Preparing for smaller Christmas celebrations
Despite 2020 being set to go down as one of the worst years ever for just about everybody on the planet, it seems to have passed by surprisingly quickly. Whether it’s that half of us are working from home or that the lockdown days have all blended into one, time is zipping by at quite a rate and (a hopefully much brighter) 2021 is on the horizon – and Christmas is just around the corner.
By this time of year normally you would expect to have already been inundated with festive vibes at every turn, but seeing as we’re not really leaving the house much, Christmas 2020 is creeping up in a rather quiet manner, and the celebrations themselves are set to be similarly subdued, too.
There’s no doubt that we’re all currently preparing for a much smaller Christmas this year, but what exactly does that mean?
Why is there so much uncertainty around Christmas?
Collins dictionary have just ordained “lockdown” as their prestigious word of the year, thanks to its rather bleak encapsulation of the world’s shared experience across the past 9 months. However, one could argue terms such as “unprecedented” and “uncertainty” belong on the shortlist as well.
Indeed, all we’ve heard this year are terms such as “living in unprecedented times” and “what the uncertainty around the pandemic means for insert topic”. Unfortunately, despite months of it, such uncertainty is set to continue into Christmas and beyond.
Right now, we’re all sat in the midst of a tier 4, nationwide lockdown, which is due to end in the first few days of December. However, with the government having seemingly consistently mishandled the population control element of the pandemic so far, no one can say what awaits beyond that date.
Could it be a slackening of restrictions or a double down on current ones? Right now, the situation is so fluid that it’s impossible to say. Boris Johnson has consistently said the government will be led by a scientific understanding that is constantly progressing.

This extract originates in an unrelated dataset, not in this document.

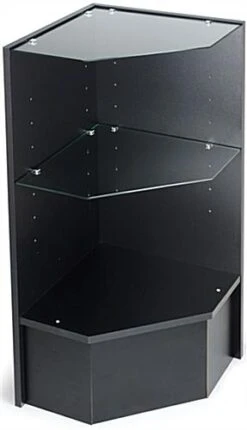 Corner Retail Counter W/ Adjustable Tempered Glass Shelves & Black Finish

The state has also installed a regional lockdown tier structure that features different restriction levels, but regional data is also regularly changing.
The approach from the very top is very much day-to-day right now, thus the state of the festive period is as well.
What might celebrations look like this year?
With the above in mind and the fact that Christmas is just over a month away, one thing that can be said with some confidence is that celebrations will look much different to normal, regardless of how regulations change in the next 30-40 days.
With deaths and hospital admissions from the virus still sitting at a much higher than desirable rate, the idea of a “normal”, shared family Christmas featuring different households is almost certainly out of the question. Because of that, Christmas 2020 is set to look remarkably insular, but separated families and friends will no doubt look to the early lockdown favourite of zoom video meet ups to try and stay connected through the period.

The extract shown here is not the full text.